Mi padre no sabe que lo miro dormir
y que yo no he dormido bien durante semanas.
No sabe tampoco que soy alcohólico
y que llevo un año sin tomar un solo sorbo.
No sabe que extraño, con furia irrefrenable, el whisky,
y no tanto el Martell VSOP que siempre me ofrecía.
Mi padre no sabe quién es César Vallejo
ni que yo sé de memoria varios poemas de Trilce.
No sabe hacer ningún poder en Street Figther
y mucho menos un “Fatality” en Mortal Kombat.
No sabe que hace dos años, dando de gritos,
amenacé con un cuchillo a mi madre
y luego destruí a patadas la vitrina de pino
donde guardaban las teteras y las figuras de porcelana.
Mi padre no sabe que hace tiempo lo perdoné
por haberme robado una fuerte cantidad de dinero.
No sabe que perdí mis coches jugando a los dados,
a la ruleta y a la baraja española.
Mi padre no sabe que mi esposa se fue de la casa
porque dice que cada día me parezco más a él.
Mi padre no sabe que durante años le tuve miedo
y que en una de sus golpizas casi pierdo la vista.
No sabe que siempre recuerdo el día cuando me puso
detrás de él para protegerme de una feroz balacera.
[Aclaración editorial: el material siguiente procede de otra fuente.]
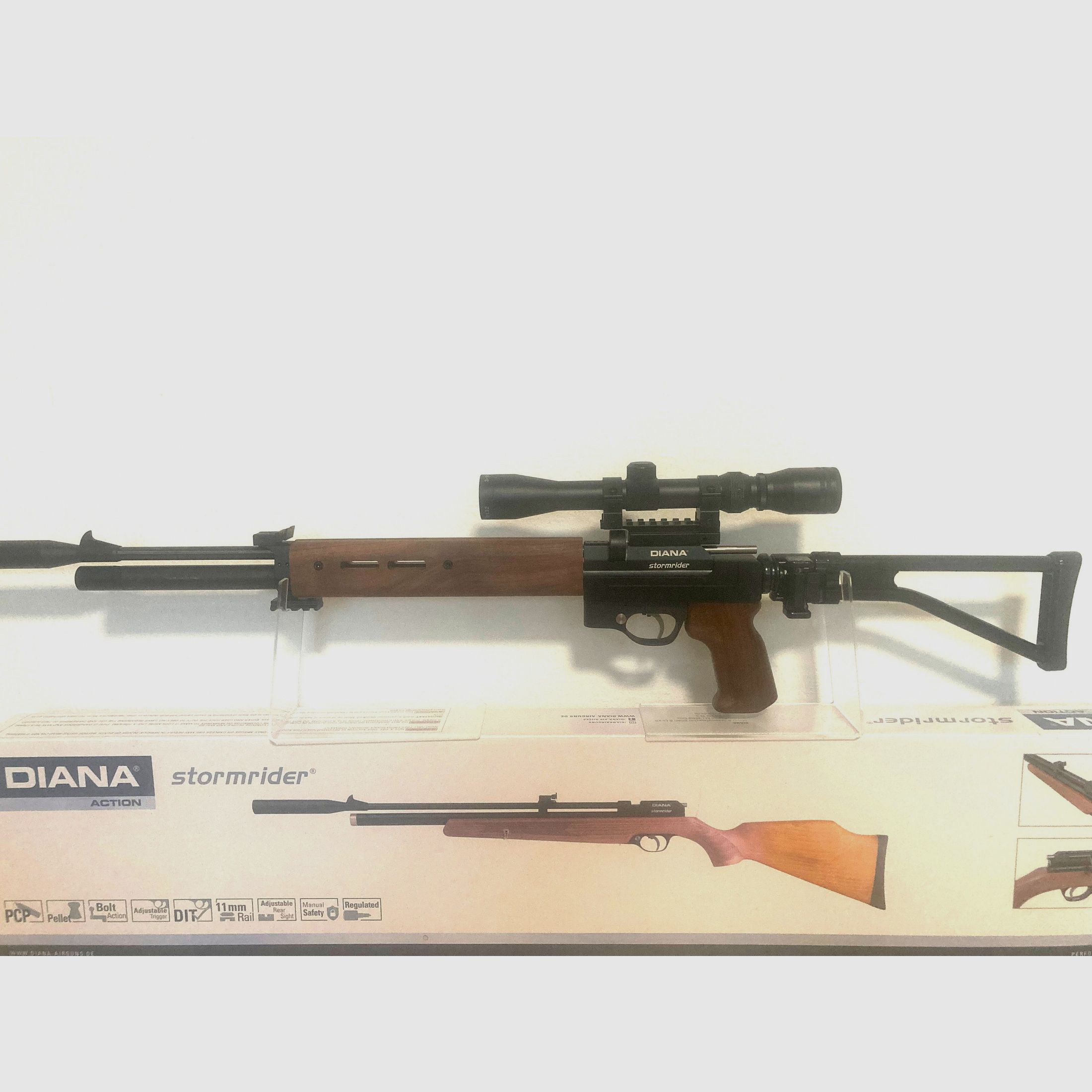 Carabina ad aria compressa Diana Stormrider "Paratrooper Classic" con sistema di stock pieghevole in alluminio stile WW2/50s, F libera da 18 anni con kit export 35J, immagine 7 di 8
No sabe tampoco que a mis cuarenta años
aún me da terror la oscuridad.
Mi padre no sabe cómo controlar algunas partes de su cuerpo
ni que sus pulmones están a punto de colapsar.
No sabe, ni le diremos nunca,
que durante unos minutos mis hermanos y yo
nos negamos a pagar la cuenta del hospital San Lázaro.
Mi padre no sabe que lo admiro
y que jamás seré capaz de revelárselo.